4 perguntas para... Paulo Chagas

Marcelo Godoy

17/04/2019

 

 

Paulo Chagas, general da reserva

1. Anteontem, ação foi contra o site Antagonista, ontem o senhor. Como o senhor vê essas ações do STF?

Isso não me preocupa. Isso não é problema meu; tem de preocupar quem se sente atingido. Eu tenho consciência do que estou fazendo, que é uma crítica ao desempenho dos ministros da Suprema Corte. Não faço críticas à Corte. Eu considero que a Corte é um instrumento da democracia. Sem ela não temos democracia. Uma coisa que fica evidente é a preocupação com a impunidade. Falam em preocupação com a liberdade, mas eu pergunto, como uma mensagem ao ministro (Dias) Toffoli: pode conceder liberdade para quem? Para corrupto, para bandido, para ladrão, para estuprador? Para quem é a liberdade? Para o cidadão de bem é que não é. Eu como cidadão penso assim.

2. O senhor não se preocupa então?

Preocupo-me não por mim; ao mesmo tempo fico feliz de ver o que eu estou falando, escrevendo está preocupando a eles.

3. O senhor poderia me descrever como foi a ação em sua casa?

Só levaram um laptop, aliás, só tenho um mesmo. Levaram todos os que eu tenho. Entre chegarem e saírem demorou 40 minutos. Eu não estava em casa. A minha filha que estava em casa, ela mora em São Paulo e por acaso estava em casa.

4. O senhor acha que a proximidade do senhor com o presidente Jair Bolsonaro pode ter influenciado a decisão de realizar as buscas?

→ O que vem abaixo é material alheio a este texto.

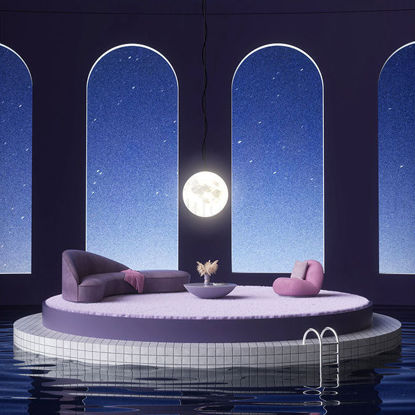 Varios formatos c4d piscina de agua luna escena nocturna 3d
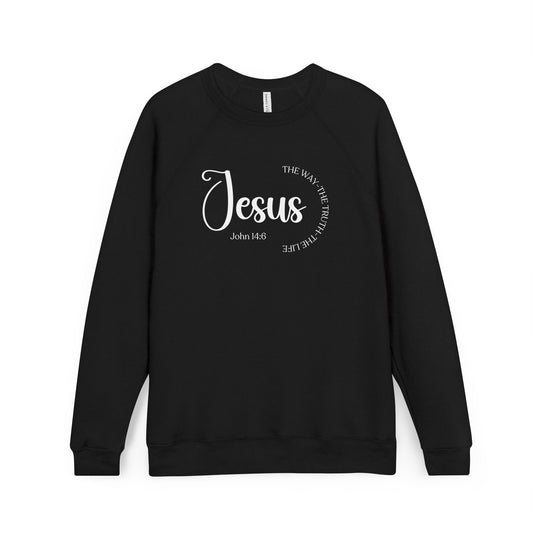 Christian Inspirational Raglan Sweatshirt - Jesus Shirt, Faith-Based Apparel, Gift for Believers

Olha, se foi é um tiro no pé, pois desde que terminou a eleição não tive contato com o presidente, não faço parte do governo e, por uma questão de formação, não vou procurar o presidente. Ele tem mais o que fazer do que ficar atendendo amigos para bater papo. Deve ficar 24 horas por dia, à disposição da sociedade trabalhando; não tem hora para bater papo.